Yeats sees an age of non-apocalypse, in which the only thing uncovered is uncertainty brought on by terror; the only veil torn back was what our knowledge consisted of. In Ireland, the daimon of this age manifested itself not merely in war, but in civil war-it seemed as if Yeats’ worries about too long a sacrifice were prescient. And so reading Seamus Heaney’s poetry, particularly “Two Lorries” in light of Yeats becomes, in its way, a cyclical act, the reader thinking, I’ve seen this show before.

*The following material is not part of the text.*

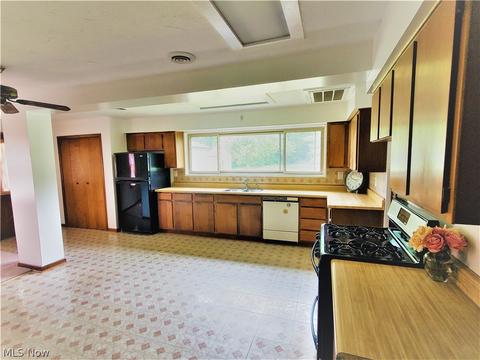 11322 Lagrange Rd, Elyria, OH 44035 photo 5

Then one looks at the date of Heaney’s poem: 1996, describing the 1993 bombing of the Magherafelt bus station, realizes that in 1998, two years after Heaney’s work was published, deaths related to fighting in Northern Ireland-an ongoing blend of Irish Independence/Irish Civil War-would triple; watching the film Michael Collins on St. Patrick’s Day at age nine, not knowing why crying, while one’s father worries Ireland is about to destroy itself; how even now it sometimes seems unnatural that Ireland should be at relative peace: and it seems that Yeats’ “image out of Spiritus Mundi” was accurately chosen: the sphinx does not terrorize by all-consuming apocalyptic conflagration, but by presence-it positions itself outside the city walls, rather than storming them, is content to terrorize from afar by the occasional killing.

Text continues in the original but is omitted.